Method of Physician Participation in Learning Process: The core material for these activities can be read in this issue of the Journal or online at the JACI: In Practice Web site: www.jaci-inpractice.org/. The accompanying tests may only be submitted online at www.jaci-inpractice.org/. Fax or other copies will not be accepted.

Date of Original Release: September 1, 2017. Credit may be obtained for these courses until August 31, 2018.

Copyright Statement: Copyright © 2017-2019. All rights reserved.

Overall Purpose/Goal: To provide excellent reviews on key aspects of allergic disease to those who research, treat, or manage allergic disease.

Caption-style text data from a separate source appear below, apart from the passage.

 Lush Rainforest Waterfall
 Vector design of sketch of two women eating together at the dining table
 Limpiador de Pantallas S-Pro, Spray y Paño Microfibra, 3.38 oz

Target Audience: Physicians and researchers within the field of allergic disease.

Accreditation/Provider Statements and Credit Designation: The American Academy of Allergy, Asthma & Immunology (AAAAI) is accredited by the Accreditation Council for Continuing Medical Education (ACCME) to provide continuing medical education for physicians. The AAAAI designates this journal-based CME activity for 1.00 AMA PRA Category 1 Credit™. Physicians should claim only the credit commensurate with the extent of their participation in the activity.

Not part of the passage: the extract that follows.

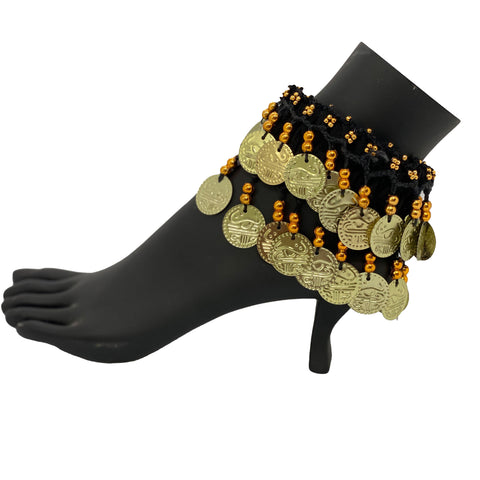 Belly dance wrist band stretchy coin anklets Black gold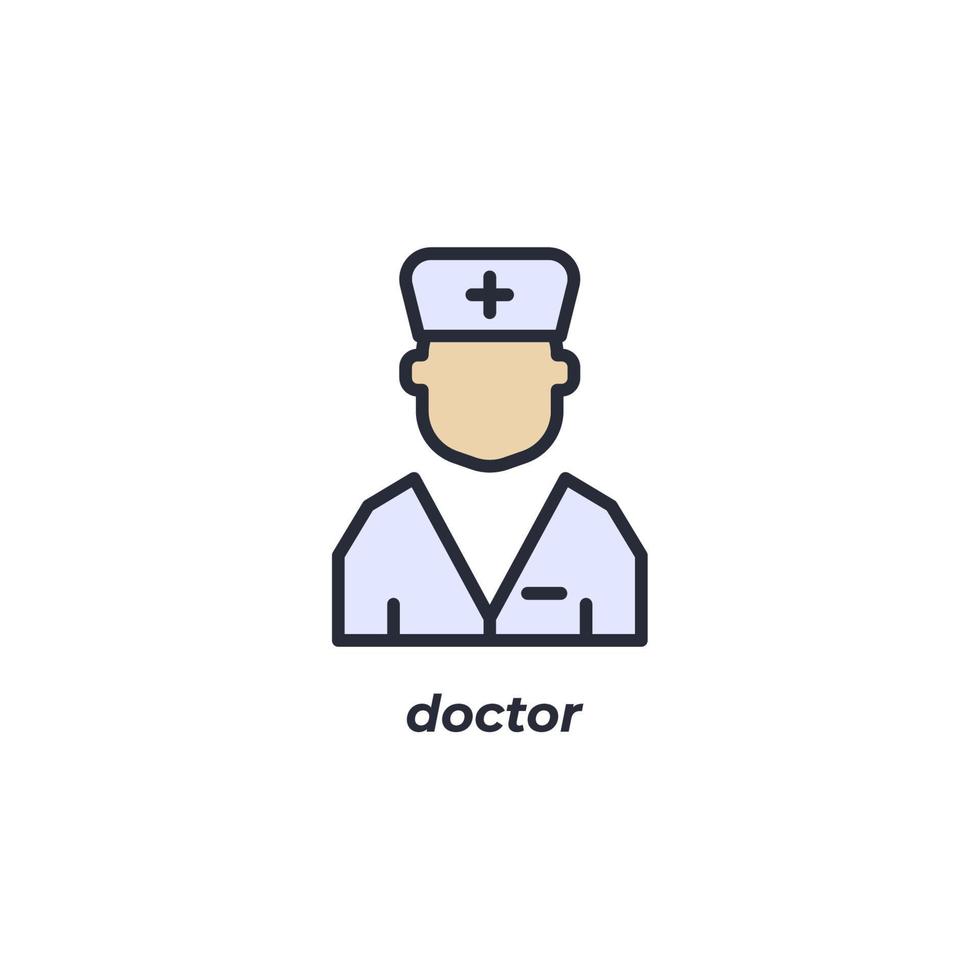 Vector sign doctor symbol is isolated on a white background. icon color editable.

List of Design Committee Members: Paul J. Turner, MD, PhD, Elina Jerschow, MD, Thisanayagam Umasunthar, MD, Robert Lin, MD, Dianne E. Campbell, MD, PhD, and Robert J. Boyle, MB, ChB, PhD (authors); Scott H. Sicherer, MD (editor)

Learning objectives:

  • 1.

    To communicate risk estimates for fatal or near-fatal anaphylaxis to patients and caregivers.

  • 2.

    To evaluate a patient's risk for fatal or near-fatal anaphylaxis.

  • 3.

    To discuss the uncertainties in understanding fatal anaphylaxis.

Recognition of Commercial Support: This CME has not received external commercial support.

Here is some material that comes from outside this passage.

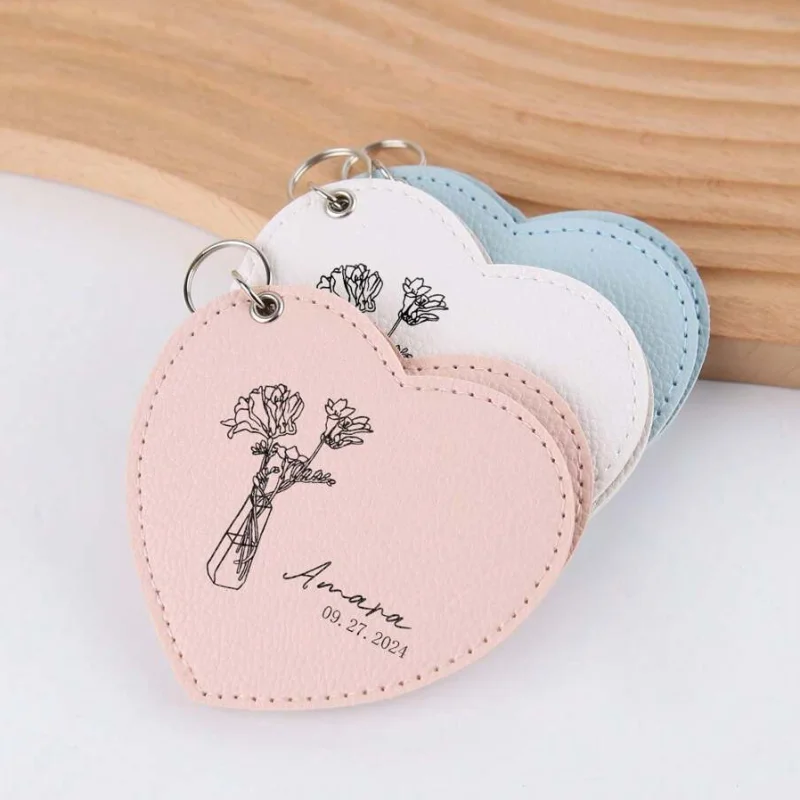 Personalised PU makeup mirror keychain, multiple options, custom text and icon keychains, unique personalized gift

Disclosure of Relevant Financial Relationships with Commercial Interests: P. J. Turner has received research support from the Medical Research Council, NIHR/Imperial BRC, and EU FP7 Programme; and has received consultancy fees from UK Food Standards Agency. T. Umasunthar has received research support from Lincoln Medical. D. E. Campbell is employed by NSW Health; has received research support from the National Health and Medical Research Council, Australian Food Allergy Foundation, and the Allergy and Immunology Foundation of Australasia; and has received travel support from DBV. R. J. Boyle has received consultancy fees from Oval Technoloties and ALK Abello; and has provided expert testimony for Squitieri and Fearon. The rest of the authors declare that they have no relevant conflicts of interest. S. H. Sicherer disclosed no relevant financial relationships.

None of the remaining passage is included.